Tuesday, February 3, 2015

Review: Incarcerated: Letters from Inmate 92510 by Inger Iversen

This book may be unsuitable for people under 17 years of age due to its use of sexual content, drug and alcohol use, and/or violence.
Title: Incarcerated: Letters from Inmate 92510
by Inger Iversen
Published by Inger Iversen on September 29th, 2014
Genres: adult, contemporary, romance
Pages: 342
Format: eBook

One of the few white kids in a rural Kentucky town, Logan Whyte always kept to his own kind out of self-preservation. He never considered himself racist, but that didn’t stop him from falling in with the wrong crowd that celebrated hate as much as he fought it - or from ending up in prison for eight years on an armed robbery charge.

A successful and educated black woman, Katie Andreassen is tired of being accused of betraying her own race. Her lonely isolation, coupled with her grief over losing her mother, inspire her to create a new pen pal program at Capshaw State Penitentiary, where her father is a warden.

The program brings together the unlikely pair, but Logan and Katie soon find themselves forced to overcome past fears and prejudices. Their friendship doesn’t come easily - threatened by a crooked lawyer with a grudge and a best friend who betrays her promise to help.

When faced with a world that forces them apart, Logan and Katie must show everyone else what they have discovered: that love is, in fact, colorblind.

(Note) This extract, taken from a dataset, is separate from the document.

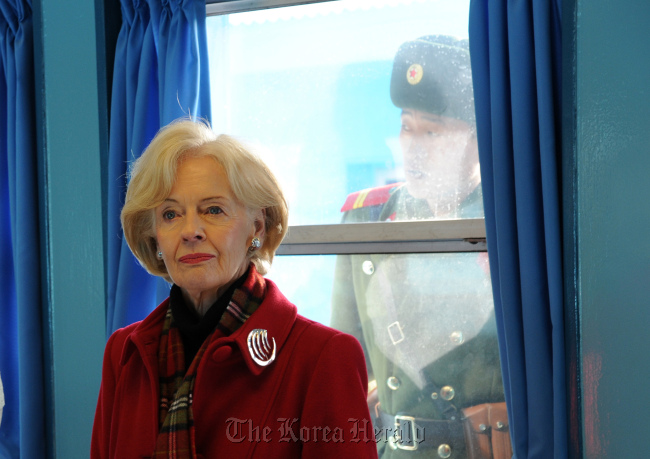 Governor-General of Australia Quentin Bryce receives a briefing inside Conference Room T2, situated along the Military Demarcation Line.   Australian Embassy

Let me start off by saying this… I didn’t love Incarcerated but I didn’t hate it either. I’d say I thoroughly enjoyed it up until about 80%. I’ll just go down my list of points. I’ll start at the cover because it was undoubtedly the first thing that pulled me in. This ebook cover is up there but here’s the audiobook (I swapped back and forth). They’re both equally gorgeous. I stepped out of my comfort zone for this one. I would normally never read something that has a convict as one of the main characters. It’s just not something that appeals to me and brings up some bad memories. So I took the plunge. Katie is the female lead in this story. She enters into this pen pal program for the incarcerated as a way to rid herself of her own loneliness.

It’s a romance, so you have to figure that she’s going to fall for this guy. I think that was my biggest hurdle when I was reading this. I couldn’t figure out a logical reason why she would fall for someone that is in jail, but hey, it happens. Then, to top it off, Logan has issues with any race besides his own. He’s got a troubled past and it affects they way he views people. I was waiting for the proverbial “shit to hit the fan.” I knew it was going to happen. After all, Katie is black but he thought she was white. It was like the elephant in the room. You know it’s there and the other parties are completely unaware. This could end badly. But it didn’t! There were a bumps in the road and it was a long one.

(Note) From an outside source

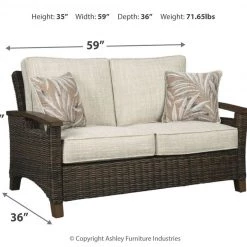 Ashley Furniture Paradise - Medium Brown - Loveseat W/cushion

Some new information was brought to light and I felt better about rooting for their relationship. I almost felt like it was doomed to fail given his hatred. The romance between Logan and Katie is beautiful. My concern was still there though. He had this deep seated hatred towards other races and it’s not going to go away overnight…I get it. I just expected him to start warming up to it sooner than he did.

Back to where it went downhill for me….80%. I switched to the audiobook and felt like I had missed a few chapters. I couldn’t believe the direction it went in with what happened in the previous chapter. I literally rewound it several times, convinced that I missed something. I didn’t…and I really hate the way the last chapter ended. Don’t get me wrong, I’m all for happy endings, but it didn’t feel realistic to me. The epilogue was definitely needed. It made me feel a little better knowing that he was working to change himself.

Inger Iversen was born in 1982 to Anne and Kaii Iversen. She lives in Virginia Beach with her overweight lap cat, Max and her tree hugging boyfriend Joshua. She spends 90 percent of her time in Barnes and Noble and the other ten pretending not to want to be in Barnes and Noble.